Poetry collection by Seamus Heaney

Station Island is the sixth collection of original poetry written by Irish poet Seamus Heaney, who was awarded the Nobel Prize in Literature in 1995. It is dedicated to the Northern Irish playwright Brian Friel. The collection was first published in the United Kingdom and Ireland in 1984 by Faber & Faber and was then published in America by Farrar, Straus and Giroux in 1985. Seamus Heaney was recorded reading this collection on the Seamus Heaney Collected Poems album.

The title of the collection, Station Island, is taken from the long poem of the same name that comprises the second part of the collection. It refers to Station Island (also known as Saint Patrick's Purgatory) on Lough Derg in County Donegal, Ireland, site of Christian pilgrimage for many centuries. During his undergraduate years at Queen's University Belfast, Heaney went on the pilgrimage several times.

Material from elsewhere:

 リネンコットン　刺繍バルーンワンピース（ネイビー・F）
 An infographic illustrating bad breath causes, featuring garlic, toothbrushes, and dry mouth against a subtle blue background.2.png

The poems in the collection are generally focused on the role of the poet and their relationship to history and politics but, more specifically, are also a platform through which Heaney can examine his own complex relationship with the sectarian violence of The Troubles in Northern Ireland (including his decision to move his family out of the north to the Republic of Ireland in 1972). In an interview collected in Stepping Stones Heaney describes the driving force behind his writing of the long poem "Station Island": "I needed to butt my way through a blockage, a pile-up of hampering stuff, everything that had gathered up inside me because of the way I was both in an out of the Northern Ireland situation. I wasn't actively involved, yet I felt dragged upon and put upon by it." Earlier, in the same interview, he says that for him "Station Island" "was more like an examination of conscience than a confession. A kind of inner courtroom, as dramatic as it was confessional. It was written, sure enough, to release an inner pressure. But it was also set up so that different voices could speak and different weights get lifted."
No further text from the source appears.